▶ **Problem details**: Return only the line that contains "Bilardo - bilardo topları ve gölgeler" and each line after it, through the last line of the data below, copied exactly.

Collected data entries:
###

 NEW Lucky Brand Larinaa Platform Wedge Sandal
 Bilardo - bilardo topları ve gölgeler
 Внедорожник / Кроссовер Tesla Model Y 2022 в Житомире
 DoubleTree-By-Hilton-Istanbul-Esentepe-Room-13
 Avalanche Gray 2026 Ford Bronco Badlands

###

▶ **Written solution**:
 Bilardo - bilardo topları ve gölgeler
 Внедорожник / Кроссовер Tesla Model Y 2022 в Житомире
 DoubleTree-By-Hilton-Istanbul-Esentepe-Room-13
 Avalanche Gray 2026 Ford Bronco Badlands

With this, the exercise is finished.